You're offering a celebration of the US when this country is mired in the worst economy since the depression, and engaged in a couple of wars . . .
I know where you're going with this. There's always some set of events, positive or negative, that color the lens that people see the Fourth of July through. In 2002, it was the first time they put the lockdown security and dogs on the Esplanade. People had pretty much gotten over the specific 9/11 shock, but all of sudden they were reminded of how much everything had changed. Now, the economic doldrums are the obvious thing. That said, there's still a little bit of the glow from last November. And that informs the patriotic discussion, as well. I've always thought this should not just be to wrap yourself in the flag and jump off the stage but to be a broader celebration of patriotism — what it means in terms of our life, our cultural heritage, our shared commonality.
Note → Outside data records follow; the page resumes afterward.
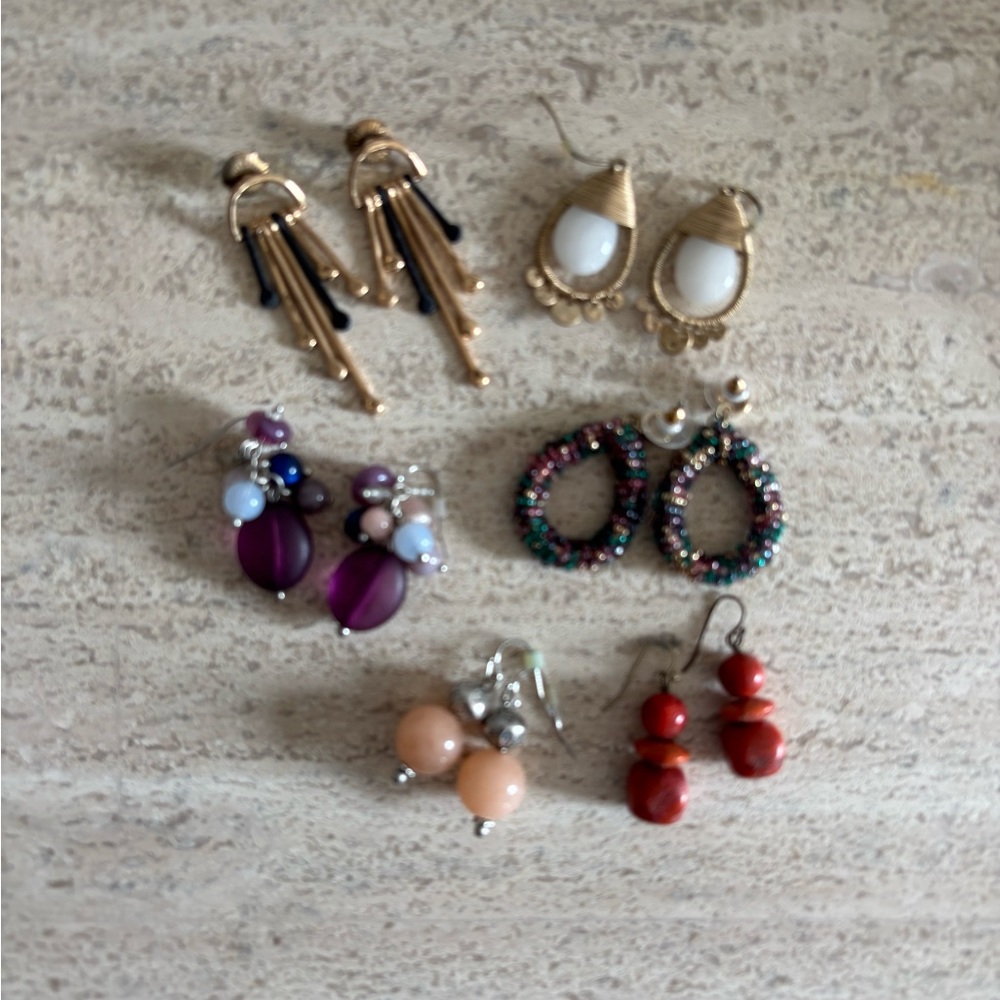 Bauble Earring Lot - Stone, costume, festive!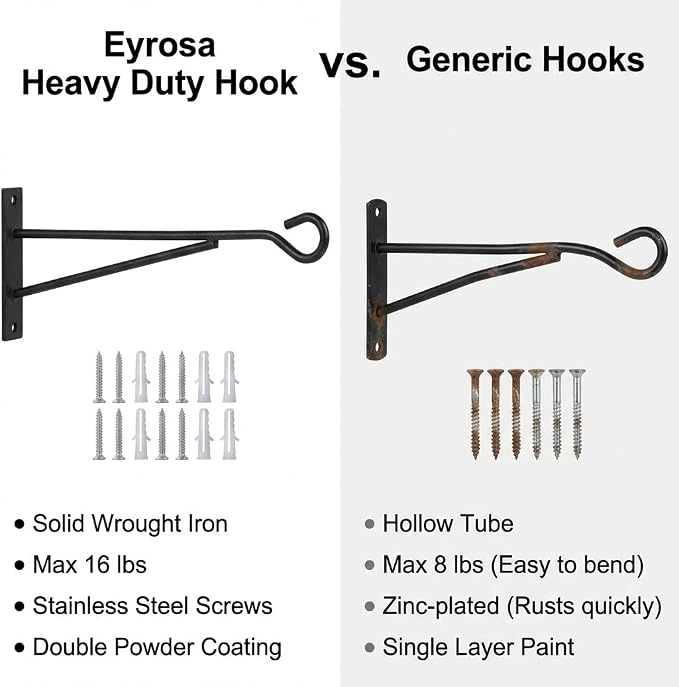 8" Hanging Plant Hooks, Rust-Proof Metal Wall Brackets - Image 5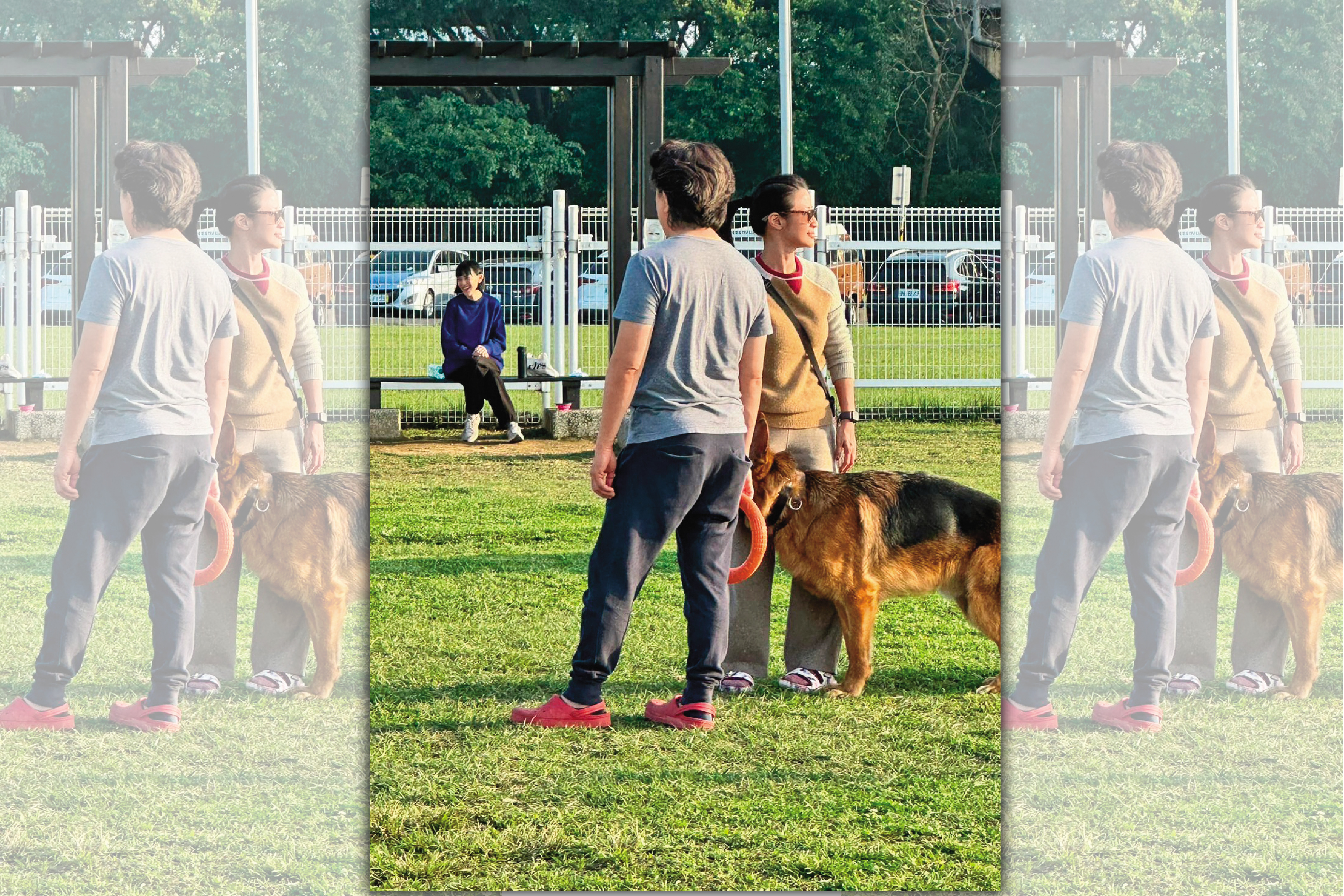 2/12 李蒨蓉穿拖鞋遛狗，老公也是一身輕便，感覺相當居家。（讀者提供）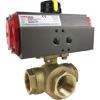 Air Actuated Brass 3-Way Ball Valves - Scotch Yoke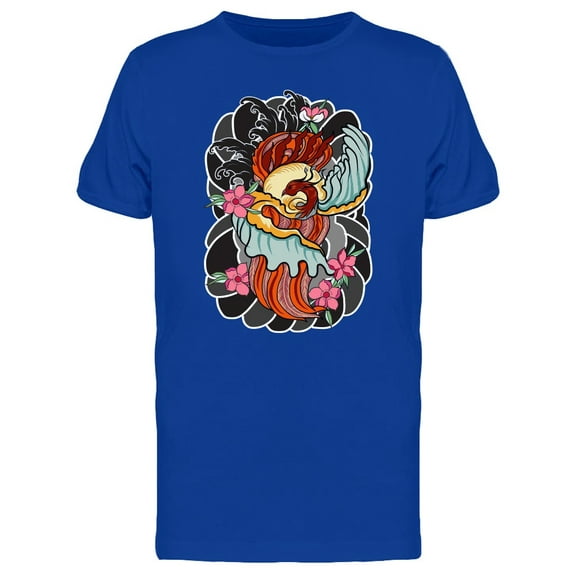 Hand Drawn Chinese Peacock T-Shirt Men -Image by Shutterstock, Male x-Large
There are all these reasons to celebrate, while there are always reasons to wonder what's around the next corner.
Whatever comes, you are "America's orchestra."
Yeah, this is the place that is most important for maintaining that status, like us playing at the Super Bowl — being the orchestra of American and Boston celebrations.
Best and worst guest singers?
I can't say the worst one.
If I said David Lee Roth?
David Lee Roth was an interesting choice, and one presented to us by our partners at CBS.
I liked Don McLean a lot. I liked Steven Tyler and Joe Perry because it was such a cool Boston thing.
Cyndi Lauper ruled too, especially when she played what I consider America's anthem, "Money Changes Everything."
I turned around and she was crawling on one of the speaker columns. Her whole style is based on unpredictability: what's the bad girl gonna do next? It certainly made the camera chase her all over the place. She was up on the podium, and there's a great picture of her taken with me leaning backward over her shoulder. The Pops grew a little.